Correlation of de novo protein synthesis and transcript regulation during H-light treatment

The obtained values of the spot intensities for the autoradiograms by Delta 2D were used to calculate the ratios between the different treatments (N/L, N→H, L→H, L→H/N→H). The ratios were recalculated as log2-fold change values, to be easily comparable to the obtained log2-fold change values of the microarray experiments by ROBIN.

For the comparison of de novo protein synthesis and transcriptional regulation the maximum reactions (up or down regulation) for both H-light treatments (L→H, N→H) were used as reference. Each value (FPOI) of the different targets was divided by the appropriate maximum reaction (FExt; up-regulation was divided by maximum positive reaction while down regulated targets were divided by the maximal negative reaction) for each treatment (N→H or L→H) and for both methods (de novo protein synthesis or transcript regulation). Afterwards the calculated values for both de novo protein synthesis reactions (N→H or L→H light shift) or for both transcriptional regulations were summed up to give the response factor R.

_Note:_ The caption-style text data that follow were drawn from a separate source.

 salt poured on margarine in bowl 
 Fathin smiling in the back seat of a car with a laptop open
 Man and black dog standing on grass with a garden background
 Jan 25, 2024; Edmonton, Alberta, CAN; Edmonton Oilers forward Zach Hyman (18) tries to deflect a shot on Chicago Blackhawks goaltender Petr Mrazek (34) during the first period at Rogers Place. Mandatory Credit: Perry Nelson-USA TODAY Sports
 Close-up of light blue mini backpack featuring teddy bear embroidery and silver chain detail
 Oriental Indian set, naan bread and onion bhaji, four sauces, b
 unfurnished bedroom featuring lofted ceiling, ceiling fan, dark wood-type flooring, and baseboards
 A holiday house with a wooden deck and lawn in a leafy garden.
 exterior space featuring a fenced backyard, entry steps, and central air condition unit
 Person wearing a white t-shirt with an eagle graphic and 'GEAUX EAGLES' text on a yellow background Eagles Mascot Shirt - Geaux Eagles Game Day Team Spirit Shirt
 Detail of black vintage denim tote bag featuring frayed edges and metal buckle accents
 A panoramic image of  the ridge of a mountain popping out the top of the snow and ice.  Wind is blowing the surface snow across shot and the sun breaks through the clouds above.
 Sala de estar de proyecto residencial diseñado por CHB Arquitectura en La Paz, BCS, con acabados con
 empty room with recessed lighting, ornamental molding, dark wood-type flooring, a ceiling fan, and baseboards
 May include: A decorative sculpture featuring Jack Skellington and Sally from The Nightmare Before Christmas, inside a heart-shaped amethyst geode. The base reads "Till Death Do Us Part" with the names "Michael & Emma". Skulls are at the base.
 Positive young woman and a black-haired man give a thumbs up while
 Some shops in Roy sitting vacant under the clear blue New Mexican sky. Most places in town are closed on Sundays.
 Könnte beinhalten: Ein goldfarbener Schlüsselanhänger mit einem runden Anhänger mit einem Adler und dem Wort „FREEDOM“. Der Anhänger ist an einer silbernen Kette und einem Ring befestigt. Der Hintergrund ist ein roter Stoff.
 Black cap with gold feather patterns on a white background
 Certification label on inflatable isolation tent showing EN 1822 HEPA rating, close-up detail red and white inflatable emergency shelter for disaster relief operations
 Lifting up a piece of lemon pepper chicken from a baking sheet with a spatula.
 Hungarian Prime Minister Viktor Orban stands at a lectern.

Therefore, the maxima of regulation would fit in the range between -2 and 2. To evaluate the relationship between de novo synthesis and transcriptional regulation, the calculated values were plotted in a diagram where deviation from the diagonal ≤0.5 was set as a cutoff (gray shaded area) and only larger deviations (outside this area) were accepted to indicate distinct regulation between transcript and de novo protein synthesis.